# Sweating Round Bales of Mixed Grass Dry Hay



## Hayman1 (Jul 6, 2013)

Since I am new this year to the game of making round bales-I have a question for you vets on sweating. I am totally comfortable with small squares-know how they breathe etc.

Made some 4 x 5 net rbs of mixed grass-timothy, orchard and fescue the other day-6/6. Hay was dry to feel, enough so I did not stick the bales. Baled nice. Hay smells good and looks better. It has been 3 days and bales still have warm spots. I have not stacked this yet as I stack two on a side adn one on the rolled edge on top and in a stack they really can't breathe. How long should I expect them to sweat-need to plan on when I can stack them. Weather for 10 day not drying weather. thanks.


----------



## Tim/South (Dec 12, 2011)

I try to let round bales sweat for one day. They may continue to cure for a few days but after the first day I am not really concerned. I had to adjust my thinking when we went to round bales. We never worried about small squares gaining heat if baled dry. Round bales have so much mass and it is farther from the inside of a roll to breath than compared to a square.

If I have let a round bale, rolled dry, breathe for one day then I treat it as normally cured hay. I have stacked them the same day and not had a problem.

Note that round bales do tend to heat up some for a few days. I have never had cured round bales come close to dangerous temperatures. After one day I call them good to go and stack.


----------



## Don Pine (Feb 2, 2012)

Guys (both of you),

Are you talking hard or soft cores?


----------



## Tim/South (Dec 12, 2011)

Hard core here.


----------



## Hayman1 (Jul 6, 2013)

hard core. BTW- made a rookie mistake and tried to start a bale without the door all the way shut. Boy that was a mess as it wrapped up the pickup good. Now that grass which was dry got fairly slimy from being rubbed for the time it took for me to realize what I had done. Easy to see why there is a fire potential with rolling hay.


----------



## Nitram (Apr 2, 2011)

If you leave the gate open enough it will make a pretty green 5 ft carpet...yeah me too! :huh:


----------



## hay wilson in TX (Jan 28, 2009)

A lot depends on why the hay is sweating.

If the leaves were dry but the stems still had moisture, give the bale a week for luck. .

I like the hay to be "stem snapping dry" the evening before baling.

My favorite Extension information is from VA http://www.wvu.edu/~agexten/pubnwsltr/TRIM/5811.pdf Proper Handling and curing of hay. From West Virginia, and presented at one of the Virginia hay Conferences.

What all this says if the stems are cured and you are baling with the dew or humidity ther is no problem.

If the stems are still too damp to bale, you will shatter most of the leaves and bale up a bunch of damp stems.

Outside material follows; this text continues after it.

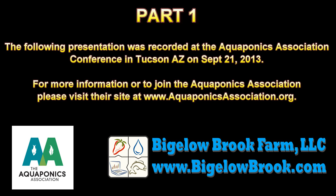The following presentation was recorded at the Aquaponics Association Conference in Tucson, Arizona on September 21st, 2013. For more information or to join the Aquaponics Association, please visit the site at www.aquaponicsassociation.org.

Also it says *bale squares starting at 70% relative humidity*, That is the humidity of the air down next to the windrow not at the weather station. 

*For Round Bales start baling at 65% relative humidity. *

If you are at a location where the humidity never gets below 71% or 66% humidity you will have problems.


----------



## shortrow (Feb 21, 2012)

Tim/South said:


> I try to let round bales sweat for one day. They may continue to cure for a few days but after the first day I am not really concerned. I had to adjust my thinking when we went to round bales. We never worried about small squares gaining heat if baled dry. Round bales have so much mass and it is farther from the inside of a roll to breath than compared to a square.
> 
> If I have let a round bale, rolled dry, breathe for one day then I treat it as normally cured hay. I have stacked them the same day and not had a problem.
> 
> Note that round bales do tend to heat up some for a few days. I have never had cured round bales come close to dangerous temperatures. After one day I call them good to go and stack.


This is how I roll......... Never had any trouble.


----------